Salvador Felipe Jacinto Dalí Domènech died 25 years ago, on 23rd January, 1989 — after a debilitating illness had long-isolated him from the outside world.

The quintessential surrealist, who painted visionary dreams and hallucinatory landscapes with melting watches, spindly-legged elephants and swarming ants, left an indelible mark on the world of art. “The secret of my influence has always been that it remained secret,” he once boasted. On another occasion, he famously declared: “Each morning when I awake, I experience again a supreme pleasure — that of being — Salvador Dalí; and I ask myself, wonderstruck, what prodigious thing will he do today, this Salvador Dalí. There are some days when I think I’m going to die from an overdose of satisfaction.”

For a person who virtually ruled the art world and enjoyed life to the fullest, Dalí’s last years were dreadful. Even by 1970s, his eyes had become weak and his hands were shaky. “I could not help feeling sorry for the seedy old conjurer with his rhinoceros-horn wand, leopard skin overcoat and designer whiskers, not to mention his surreal breath,” recalled John Richardson, who was once a vice president of M Knoedler & Co, New York, a dealing firm of Dalí. “‘The Wizard of Was’, as someone called him, was all patter and very little sleight of hand. His virago of a wife and the creepy, conniving courtiers in charge of his business had reduced Dalí to a mere logo, a signature as flamboyant as his moustache.”

Painful years

When the King and Queen of Spain visited him in 1981, Dalí had looked very battered, depressed and clearly in poor health. His wife Gala was reportedly feeding him with excessive doses of Valium and other sedatives. Ten years elder to him, Gala held an iron grip on Dalí’s life ever since they married in 1934. He was infatuated with her; he frequently portrayed her in his paintings. Gala (real name: Elena Ivanovna Diakonova) was earlier married to French poet Paul Eluard, one of the founders of Surrealism. She is said to have taken many lovers almost till the end of her life; and Dalí was not unaware of her affairs. He came to despise Gala later in his life, but could barely function without her.

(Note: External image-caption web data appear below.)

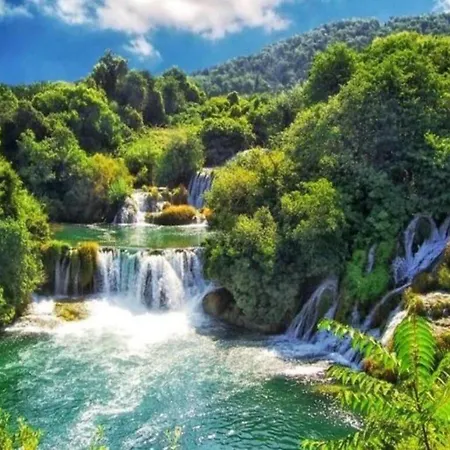 Charming In Poli Nik With Swimming Pool Βίλα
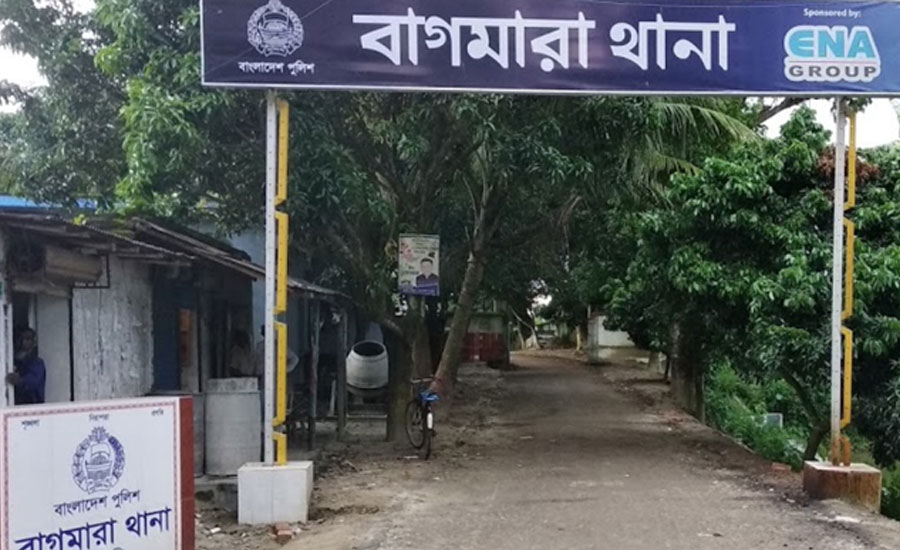 বাগমারায় মামলায় জামিন পেয়েই প্রতিপক্ষের বাড়িঘর ও পানবরজে হামলা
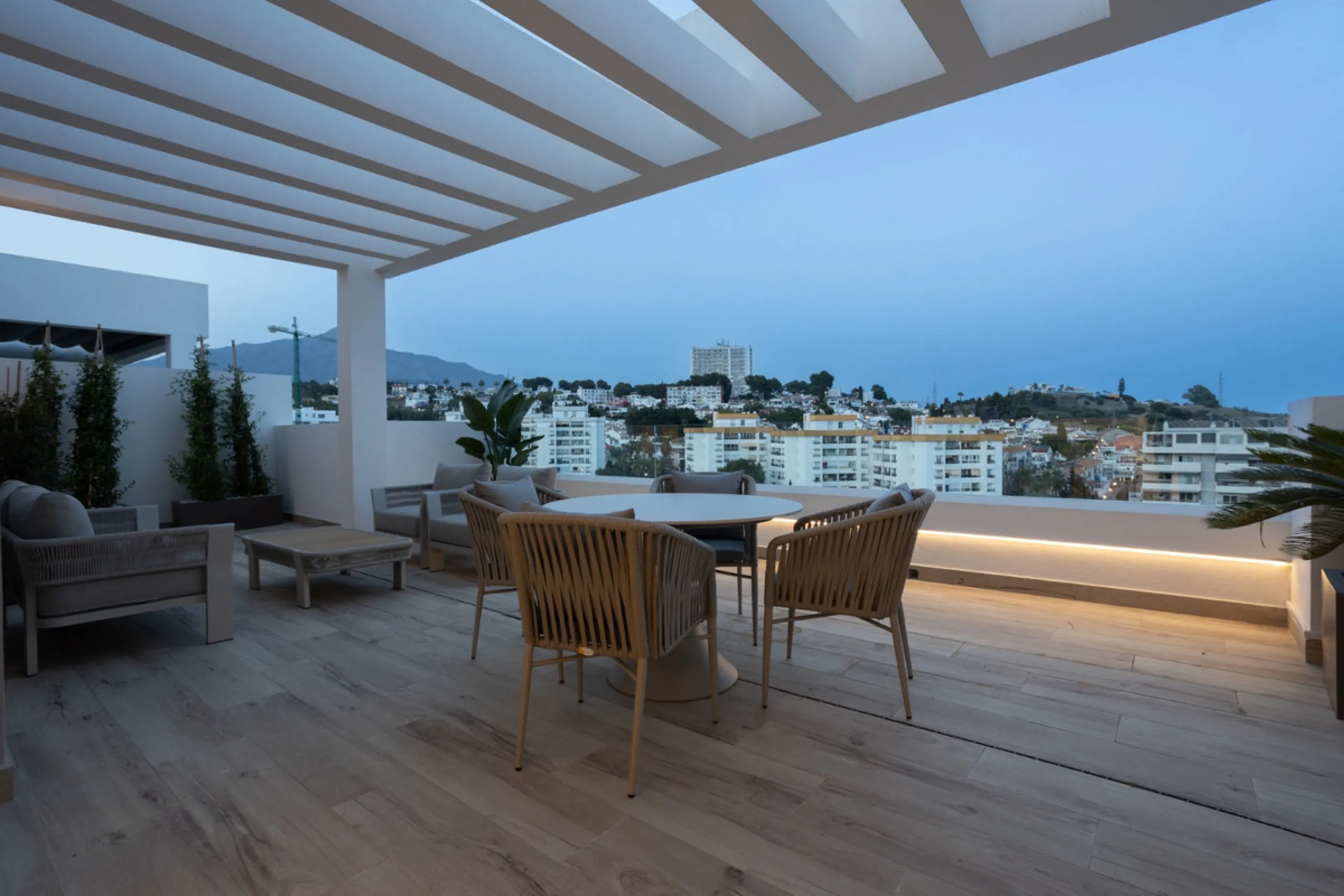 Apartment - Middle Floor Apartment в продаже в Marbella, Málaga. В доме 2 спален и 2 ванных комнат. Площадь дома 102 м²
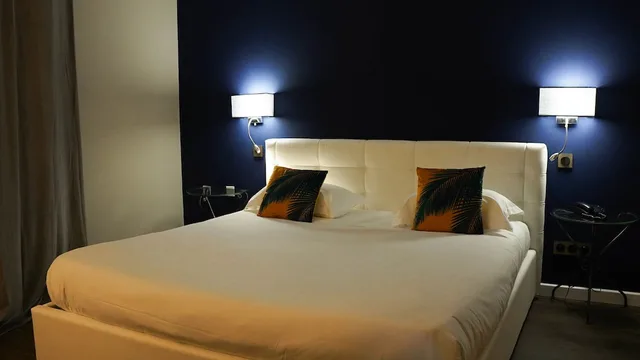 غرفة بسرير كوين، Hotel Les Jardins de La Madrague 6/7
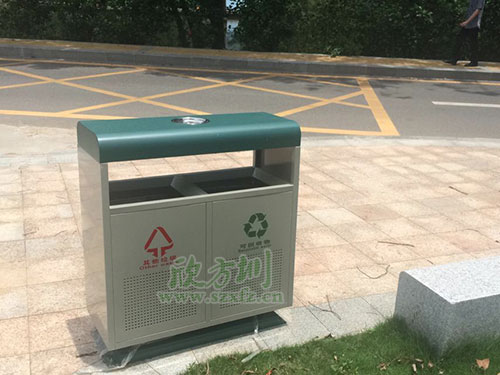 20-30米一個(gè)垃圾桶 是浪費(fèi)還是培養(yǎng)垃圾分類(lèi)意識(shí)?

Gala died on June 10, 1982, aged 87, leaving a deeply affected Dalí, who started hallucinating; his depression worsened and he would be found sobbing constantly and spending “hours making animal noises”.

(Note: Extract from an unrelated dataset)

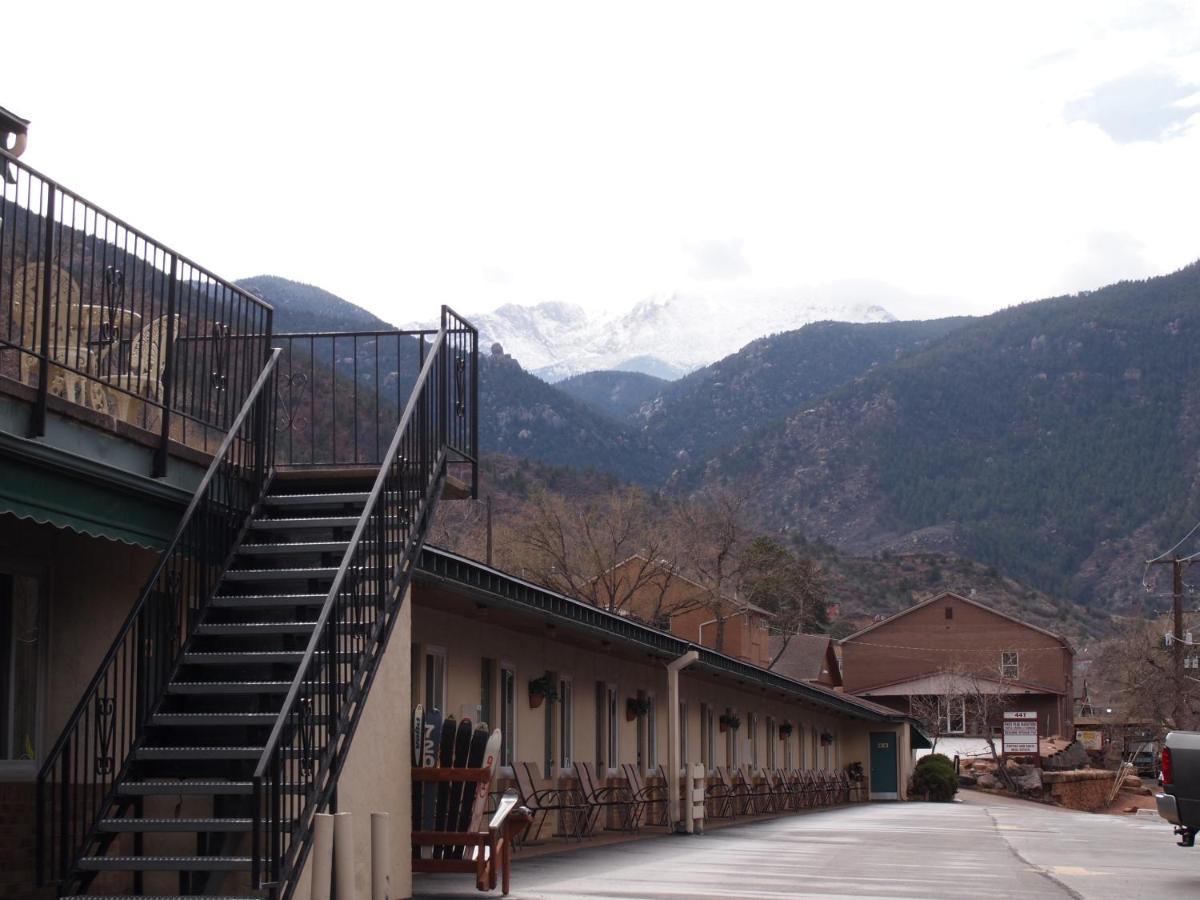 B&B Manitou Springs - Eagle Motel - Bed and Breakfast Manitou Springs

The last five years of Dalí’s life were spent virtually as an invalid, made worse by an uncontrollable trembling of the right hand and unbearable mood swings. “He screamed and spat at his nurses and lunged at their faces with his nails,” recalled Richardson. “To annoy them he would soil his bed. He would take a pill only if an attendant would promise to share it or take one too. His incessant use of an antiquated bell push attached to his pajamas very nearly caused his death when it triggered a short circuit, which set fire to the bed.”

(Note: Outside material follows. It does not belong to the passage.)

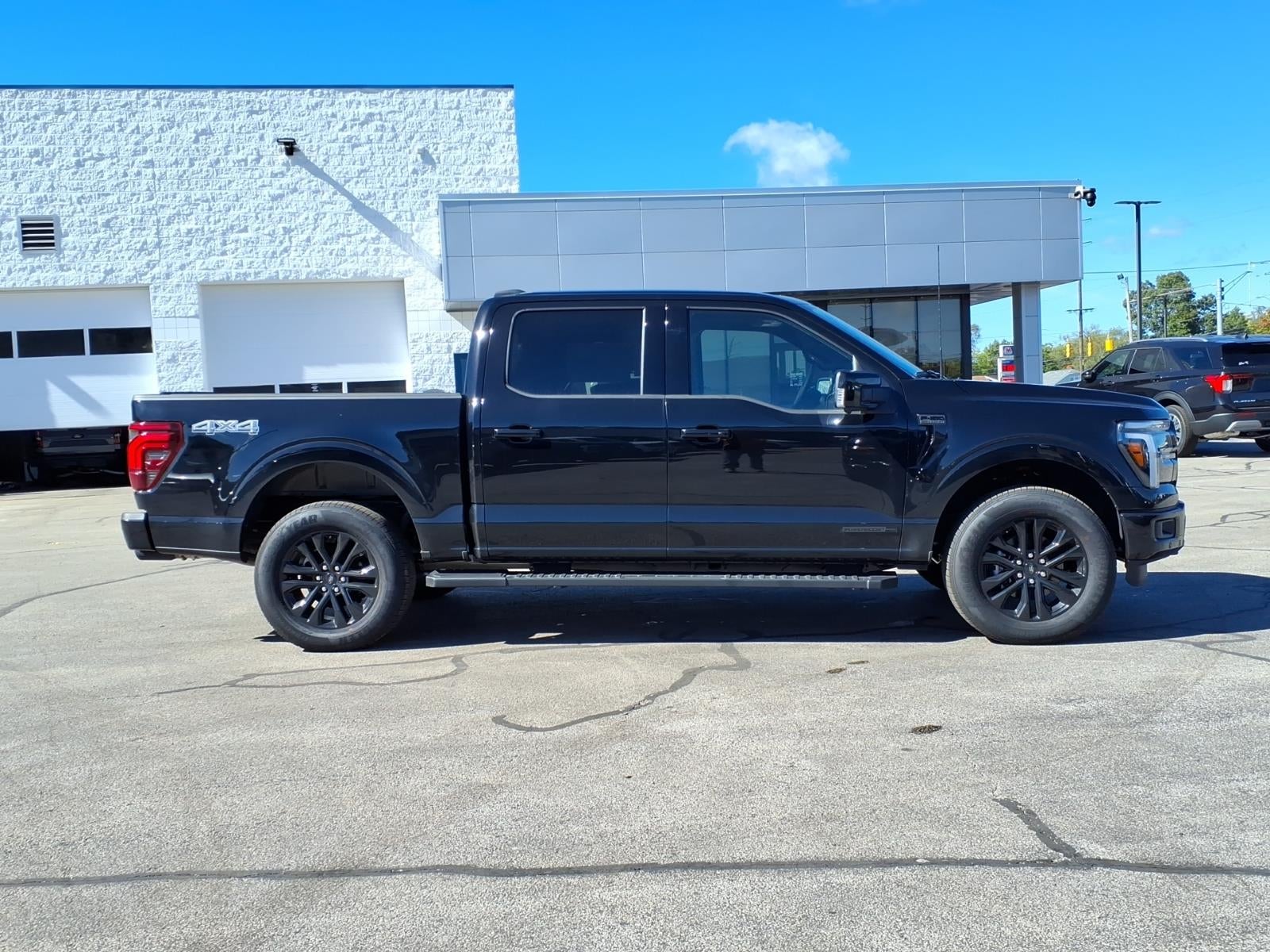 2026 Ford F-150 LARIAT 4WD SUPERCREW 5.5 BOX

When he eventually died, aged 85, he was buried in the Dalí Theater-Museum in his home town of Figueres, in Catalonia. “Dalí had once assured me that he was going to have his body refrigerated in the hope of resurrection,” remembered Richardson. “However, he ended up, like Gala, embalmed, pacemaker and all.” Dalí himself had once bragged: “If someday I die, though it may never happen, I hope that the people in the café in Figueres will say, Dalí has died, but not entirely.”

Influential painter

For all his pranks and eccentricities, very few artists in the 20th century could match Dalí’s exceptional talent and influence on art. “No artist yet unborn will achieve the same kind of relation to the 21st century that he did to the 20th,” wrote art critic Robert Hughes (The Guardian / 13 March, 2004).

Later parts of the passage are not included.